Un comité de relance formé d'enseignantes, de mamans d'élèves, d'anciennes élèves et de membres du personnel moralement soutenues par un directeur général que la communauté religieuse avait pris soin de museler.
La fermeture surprise est d'autant plus déconcertante que, d'une part, l'entente écrite établie entre les Soeurs de la Présentation de Marie et le Collège Rivier venait à échéance en 2015. D'autre part, la planification stratégique, à laquelle les Soeurs de la Présentation de Marie avaient adhéré, prévoyait une relève institutionnelle en 2018. Les enjeux étaient clairs et les joueurs connaissaient les règles du jeu. Mais voilà, le poids des années semble avoir eu gain de la volonté des religieuses à soutenir une cause qui leur pèse visiblement de plus en plus, à savoir un bâtiment lui aussi vieillissant et une situation financière précaire en raison du creux de vague démographique.

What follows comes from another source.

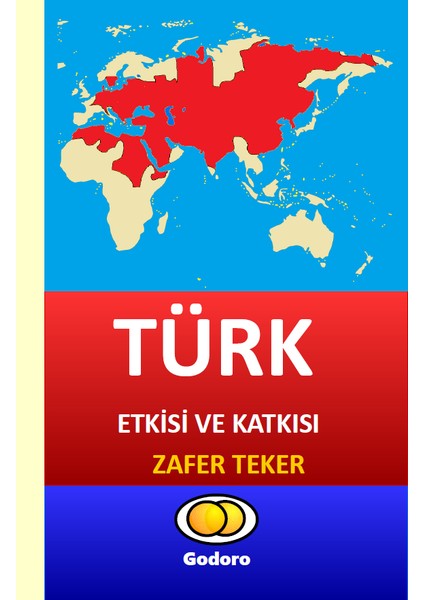 Türk Etkisi ve Katkısı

Or, le comité de relance n'achète ni l'un, ni l'autre. « Les correctifs qui avaient été demandés en février 2014 ont été apportés. Pour le reste, le bâtiment n'est pas assujetti aux nouvelles normes en vigueur, puisqu'il relève de l'ancien code du bâtiment, c'est-à-dire à la date où les derniers travaux majeurs ont été effectués en 1987 », a tenu à préciser Caroline Roy, laquelle avait fait appel à un directeur technique afin de valider ledit rapport. I
« Il faut comprendre que ce ne sont pas les assurances qui ont commandé ce rapport, mais un architecte mandaté par les religieuses. » Selon le comité de relance, cette démarche visait, entre autres, à rendre caduque l'entente signée entre les deux parties, car à défaut de pouvoir assurer la sécurité des occupants, le bâtiment devait systématiquement être fermé. « Personne n'est en danger », a affirmé Mme Roy.

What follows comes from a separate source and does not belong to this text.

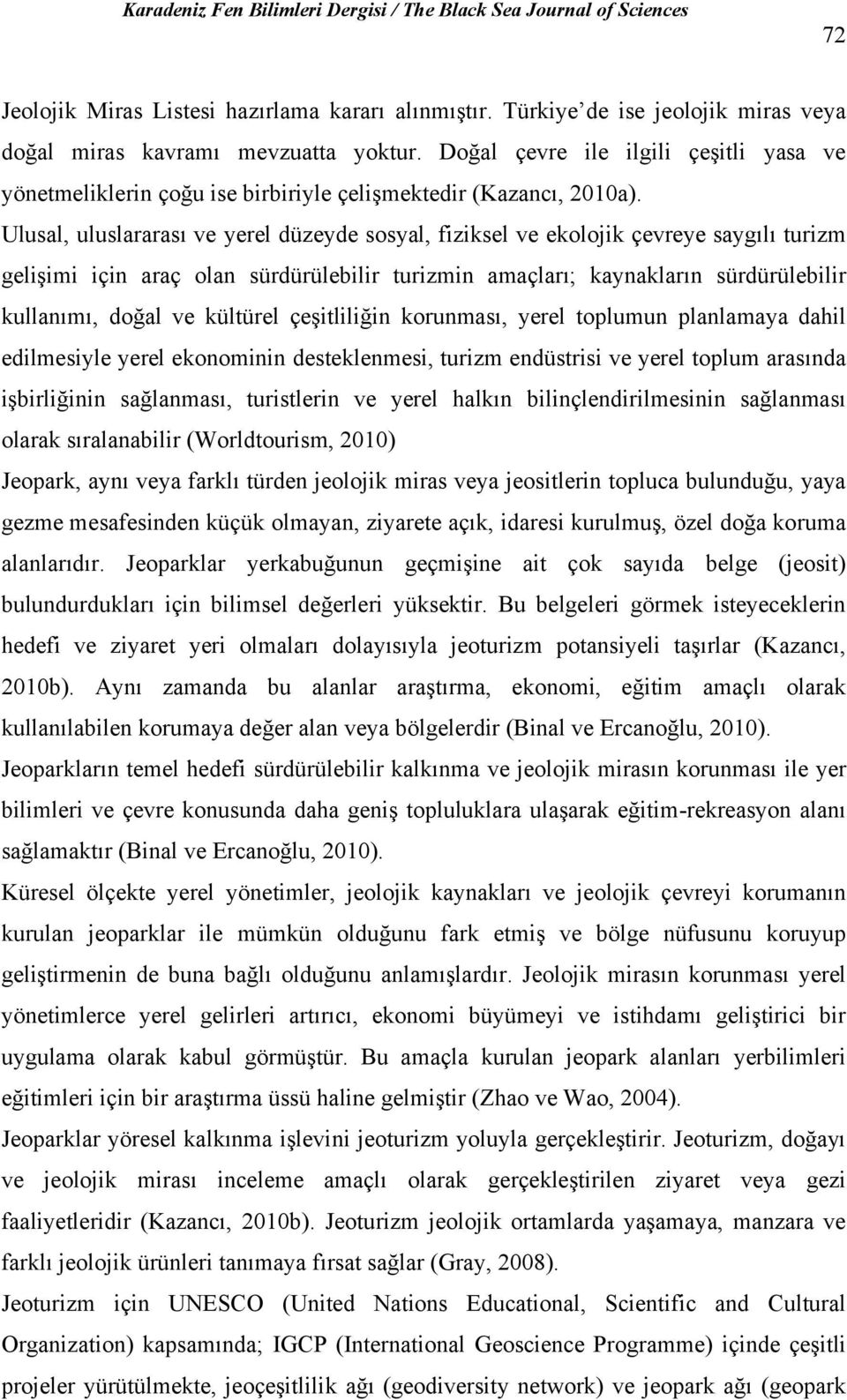 Ulusal, uluslararası ve yerel düzeyde sosyal, fiziksel ve ekolojik çevreye saygılı turizm gelişimi için araç olan sürdürülebilir turizmin amaçları; kaynakların sürdürülebilir kullanımı, doğal ve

Quant à la situation financière précaire advenant une baisse importante d'élèves et contrairement au seuil critique de 225 élèves, le comité de relance affirme qu'avec une projection réaliste de 130 élèves pour l'année 2014-2015, le Collège Rivier génèrerait un surplus budgétaire. Or, il convient de souligner que la communauté religieuse verse annuellement un don équivalent à 8 % de la masse salariale et qu'elle éponge les manques à gagner des années déficitaires. « Différents scénarios et plans budgétaires ont déjà été établis en préparation de la relève institutionnelle en 2018, partage Chantal Ladouceur. La seule chose qui nous manque c'est le temps de les mettre en place et c'est ce que nous allons négocier. »

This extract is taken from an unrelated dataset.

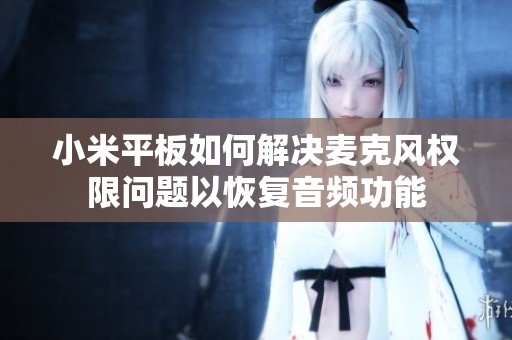 小米平板如何解决麦克风权限问题以恢复音频功能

Soucieuses de s'adresser aux autorités décisionnelles les plus influentes des Soeurs de la Présentation de Marie, les membres du comité de relance se sont adressées à la Supérieure provinciale, Sr Clémence Moreau, et « à la top du top » pour reprendre les propos de Marie-Ève Coutu, la Supérieure générale Mère Angèle Dion, laquelle réside présentement en Italie. Une rencontre est prévue le jeudi 24 avril à 13 h 15 à Montréal avec Sr Clémence. Deux principaux points seront à l'ordre du jour lors de cette rencontre : le prix de vente du bâtiment et l'obtention d'un délai « raisonnable et réaliste. » Quant à Mère Angèle, elle n'était pas au courant. « Sr Angèle s'est montrée très sensible à notre cause et nous sommes plutôt confiants de ce côté », a partagé Mme Coutu.